İlk önce kimse ne olduğunu anlayamamış. Futbolcuların kavga ettikleri, maçı protesto ettikleri, sakatlandıkları gibi ihtimaller akla gelmiş. Ortada, su, elma, bir dilim ekmek, zeytin, hurma, muz gibi iftariyelikler var. İşin mahiyeti kısa bir zaman sonra anlaşılmış. Hakem düdüğüyle maç devam etmiş.

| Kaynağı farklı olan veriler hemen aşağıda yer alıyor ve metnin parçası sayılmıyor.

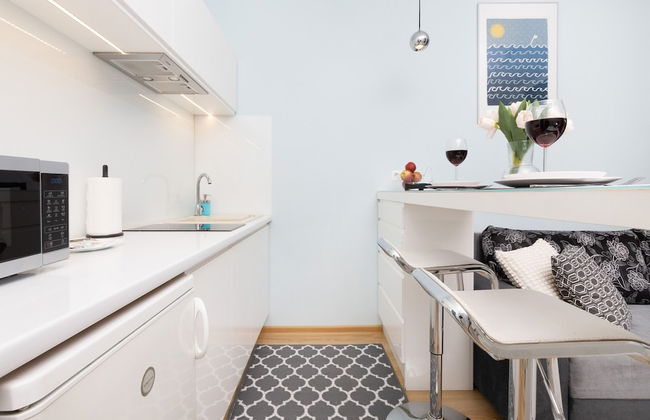 Świętojańska Studio Gdynia by Renters - Foto 15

Maç devam ederken tam iftar vaktinde bir futbolcu sakatlanmış ve yere yatmış. Sahaya sağlık görevlileri girmiş. Sakatlanan futbolcunun tedavisiyle uğraşılırken olmuş bu olanlar. Yani aktif futbol oynanırken olmamış. Bu hareket, planlanmış da olabilir, tesadüfi de olabilir. Bilemiyoruz. Bildiğimiz bir şey var; yaşananlar gerçek ve sahalarımızda ilk defa oluyormuş.

Olayın görüntüleri, fotoğrafları medyaya yansıdı. Ben de oradan öğrendim. “Haber kutsal, yorum hürdür” ilkesinden hareketle, herkes gibi ben de yorum hakkımı kullanıyorum.

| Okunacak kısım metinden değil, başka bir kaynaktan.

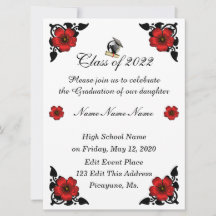 Class of 2022 Graduation Invitations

Eskiden futbol maçları sadece pazar günleri ve gündüz oynanırdı. Sonraları üç güne çıkarıldı. Günümüzde ise hemen hemen her gün her gece oynanır hale geldi. Oynanmakla kalmıyor yorumlar bir hafta devam ediyor. Ben diyorum ki maç 90 dakika, yankısı bir hafta. Hangi kanalı açarsan aç futbol konuşuluyor. Bir pozisyonun penaltı olup olmadığı sabaha kadar tartışılıyor ve bir neticeye varılamıyor. Hakemler ne yapsın. Bir anlık verdikleri kararlardan dolayı neredeyse çarmıha geriliyorlar.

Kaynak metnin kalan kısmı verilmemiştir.